= Beginning of Section =
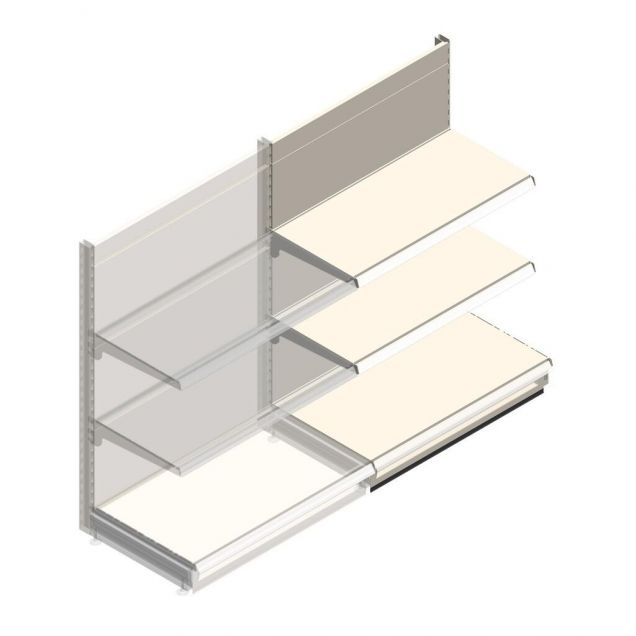 Wandregal Tego 1400x1000x570 mm (hxbxt) 3 Ebenen RAL9001 Anbauregal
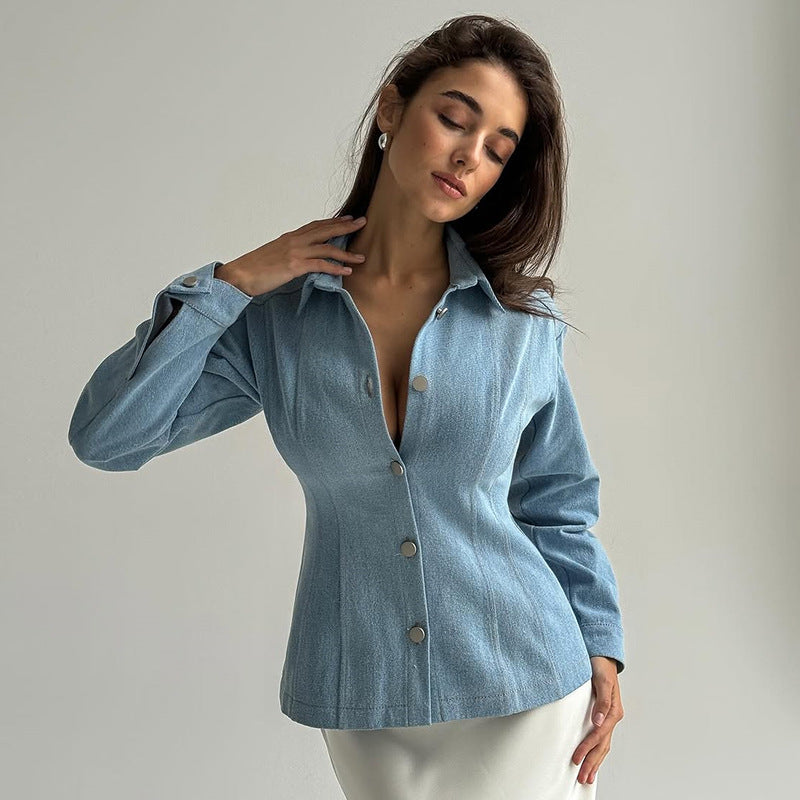 Dame Denim-bluse med figurtilpasset snit og elegante knapper Stilla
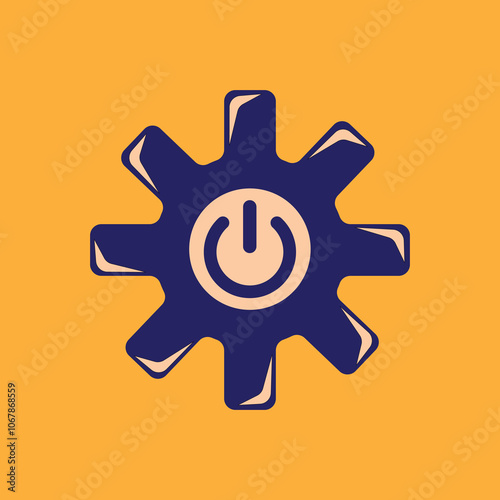 vector design illustration of the shutdown button in peach and blue colors in a simple style. suitable for logos, icons, posters, advertisements, banners, companies, t-shirt designs, stickers, website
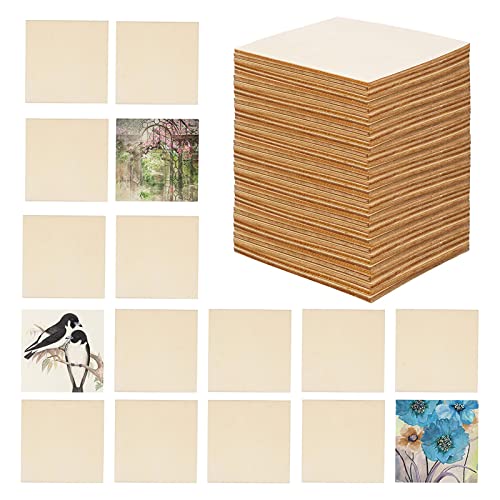 Blanko unbehandelte Lindenholzplatten 30 Stück 10 cm quadratische Holzuntersetzer 2,7 mm dicke Holzplatten für DIY-Holzgravuren von Jadeshay
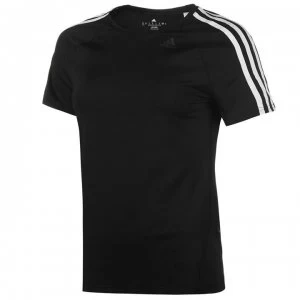 Image of adidas D2M 3 Stripe T Shirt Ladies - Black/White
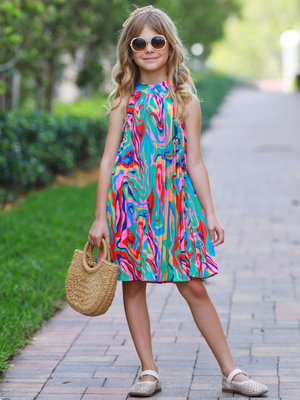 Color Swirl Halter Swing Dress
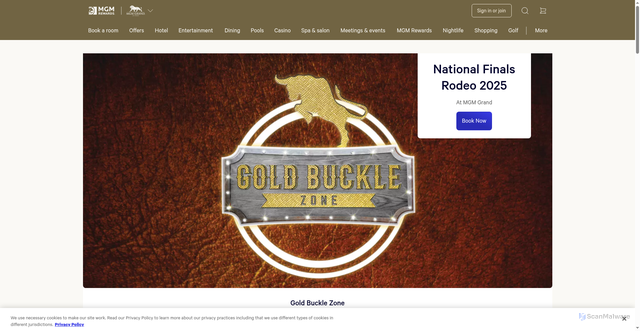 Security scan screenshot of https://mgmgrand.mgmresorts.com/en/entertainment/nfr.html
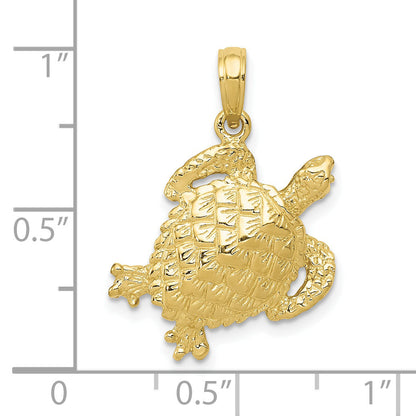 10K Yellow Gold 10K Solid Polished Open-Backed Turtle Pendant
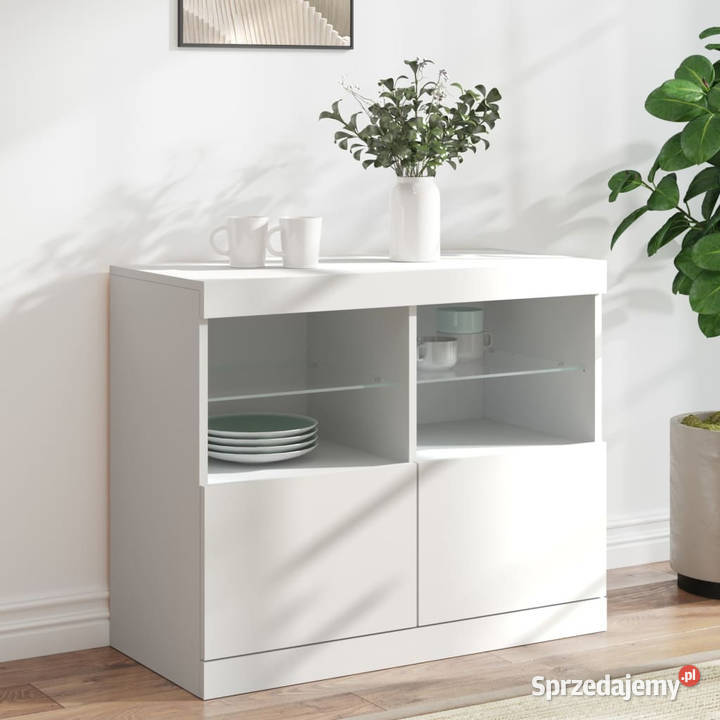 Szafka z oświetleniem LED biała 81x37x67 Warszawa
= End of Section =
→ Directions for this task: What is needed is every line of the data above, set down exactly but with the images left out.

→ Problem solution:
 Wandregal Tego 1400x1000x570 mm (hxbxt) 3 Ebenen RAL9001 Anbauregal
 Dame Denim-bluse med figurtilpasset snit og elegante knapper Stilla
 vector design illustration of the shutdown button in peach and blue colors in a simple style. suitable for logos, icons, posters, advertisements, banners, companies, t-shirt designs, stickers, website
 Blanko unbehandelte Lindenholzplatten 30 Stück 10 cm quadratische Holzuntersetzer 2,7 mm dicke Holzplatten für DIY-Holzgravuren von Jadeshay
 Image of adidas D2M 3 Stripe T Shirt Ladies - Black/White
 Color Swirl Halter Swing Dress
 Security scan screenshot of https://mgmgrand.mgmresorts.com/en/entertainment/nfr.html
 10K Yellow Gold 10K Solid Polished Open-Backed Turtle Pendant
 Szafka z oświetleniem LED biała 81x37x67 Warszawa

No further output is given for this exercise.